Some of the Malayali workers who stayed on formed the base of the Communist Party in the 1940s, and many Communist leaders from Kerala such as A.K. Gopalan frequently visited Sri Lanka. Ayesha Rauf, who had their support, was also generally sympathetic towards the Left when she entered politics. In a bid to serve the interests of her compatriot Indians residing in Sri Lanka, Rauf also joined the Ceylon India Congress (CIC) and worked in close alliance with Abdul Aziz, the CIC leader who
was a sympathizer of the Communist Party. During her days with the Ceylon India Congress, Rauf was involved in the campaign to guarantee Indian plantation workers their civic rights. The elections of 1952 were to be based upon the 1950 register which, subsequent to the citizenship bill of 1948, disenfranchised a majority of persons of Indian origin residing in the island. In response, the Ceylon India Congress staged a massive campaign to obtain voting rights for those who had opted under the law to become citizens of Sri Lanka. The campaign included satyagraha by leaders outside the premises of the prime minister’s office, and a hundred-day-long hunger strike. Rauf was heavily involved with the activities of the CIC during this time.
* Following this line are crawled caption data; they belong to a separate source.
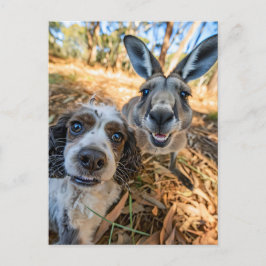 King Charles Cocker Spaniel Takes Selfies Across t シーズンポストカード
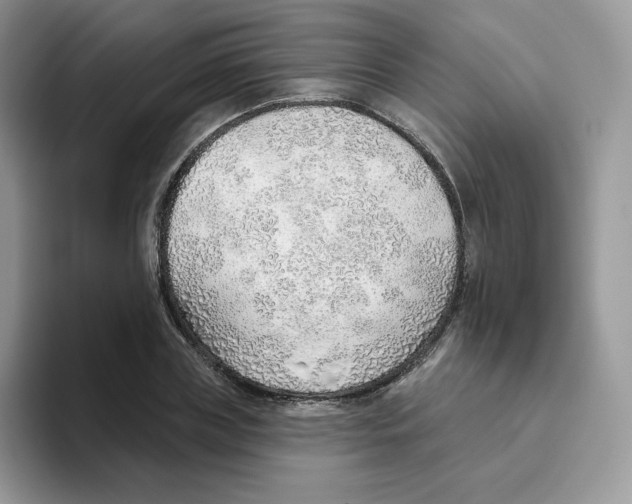 X0000093500835200711091701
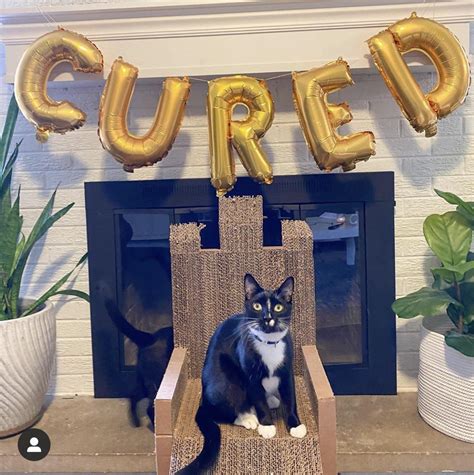 Congratulations To Mahomes The Fip Warriorsurvivor My Sil Adopted This Cat With Fip The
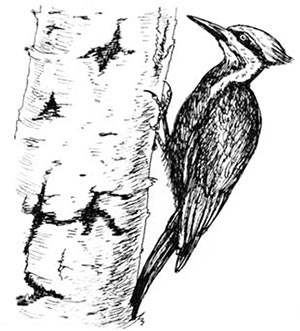 Иллюстрация к книге — Скауты в лесах [i_031.jpg]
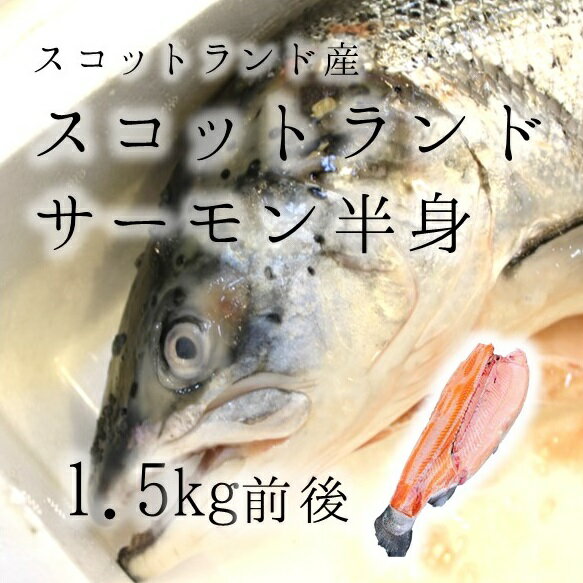 スコットランドサーモン スコットランド産 半身 豊洲直送 1.5kg前後 腹抜き（内臓抜き）【スコットランドサーモン半身】 冷蔵のサムネイル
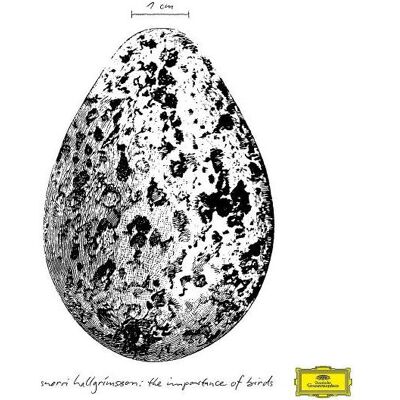 DGG Importance Of Birds (Ep), Schallplatten DGG Importance Of Birds (Ep), Schallplatten
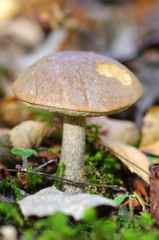 Brown cap boletus in autumn wood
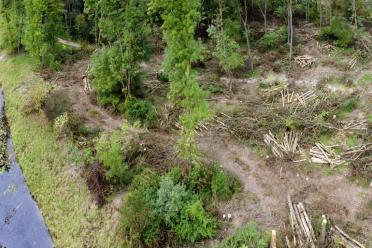 10 years of impact keeping living things healthy ash dieback disease European forest logging 770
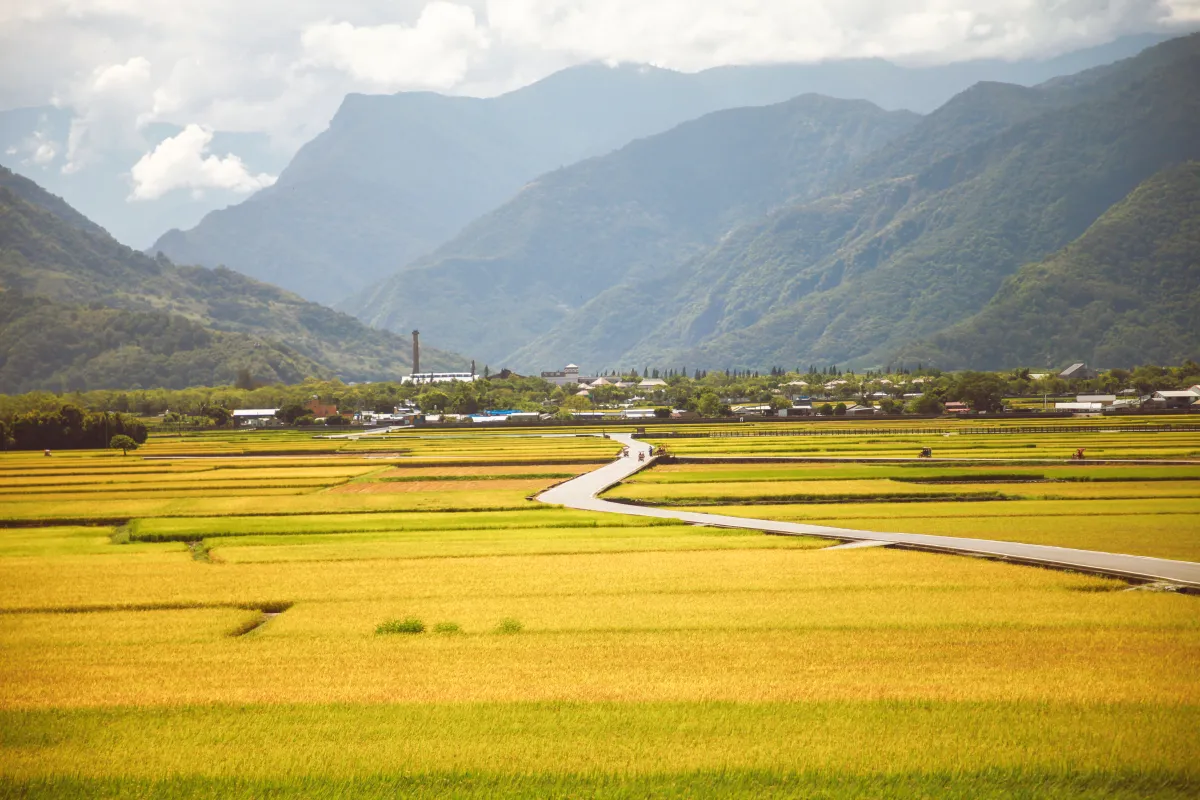 台東｜縱谷二日遊—慢呼吸.與山相伴聽小鎮低語 | 臺東慢旅｜Go Slow Go Taitung！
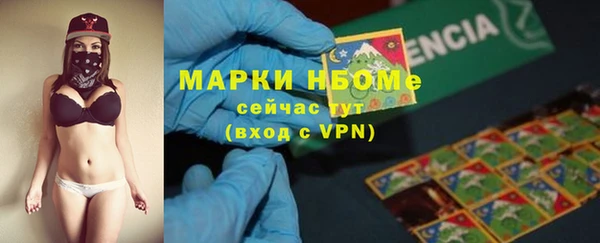 прущие грибы Лабытнанги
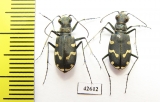 Cicindela songorica, pair  Kazakhstan - INSECTS-STORE.RU
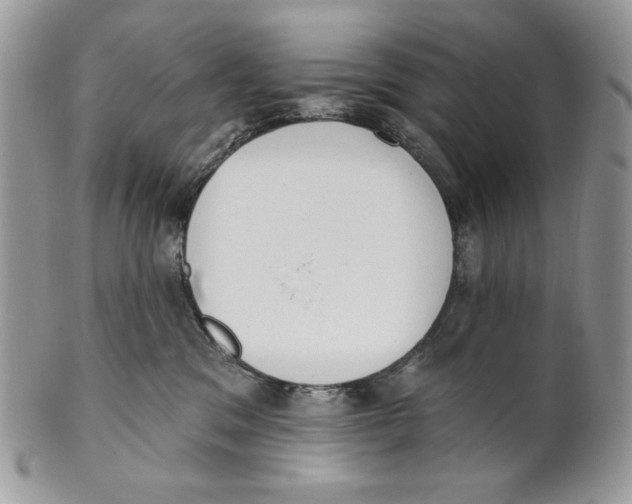 X0000101150329200807251053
Although Rauf was not a member of any of the Left parties, her early affiliation with the Left was never doubted. Rauf’s nomination for the post of deputy mayor in 1952 was supported by the leftist members of the Municipal Council. And, even after her 1954 move to the more right-leaning UNP, Rauf continued to be regarded by many of her contemporaries as a proponent of
progressive politics.

To return to Rauf’s political debut, she contested the parliamentary elections in 1947 as an independent candidate for the Colombo Central multi-member constituency. Rauf was up against 16 others, all men, many of them seasoned political veterans. One of her opponents was M.H.M. Munas, another Muslim who was also her husband’s brother-in-law. Though she gave a good fight, Rauf did not win a seat at these elections. …

In 1949 Rauf contested Municipal Council elections, again as the only independent woman candidate. She contested the Pettah ward and won with an impressive majority, ousting the sitting member, Deputy Mayor M.F. Ghany. With this victory Rauf joined Meena Ratnam and Vivienne Goonewardene to become one of the three women municipal councilors at the time.She was also the first ever Muslim woman to hold a seat in the Municipal Council.

[However, she would later join the UNP, until her political career ended after the debate whether the Muslim Ladies’ College was state-sponsored or not, in 1961. She tried to re-enter public life in 1977 but her long absence because of her teaching stint in Zambia worked against her.]

(p 45)

…. During her twelve-year political career, Rauf acted in keeping with her declared intention to speak for women and the poor, and earned a name for herself as an advocate of issues of women and poverty. Just after her appointment as deputy mayor of Colombo, Rauf gave an interview declaring her immediate goals: to achieve equal pay for women, improve and establish more creches, and alleviate the housing and sanitation problems of Colombo. She also advocated the abolition of the dowry system among Muslims and even hoped to bring about a law to ban the practice. Even during her time with the UNP, Rauf persisted in her quest to better the living conditions of her constituents and remained the champion of the common people.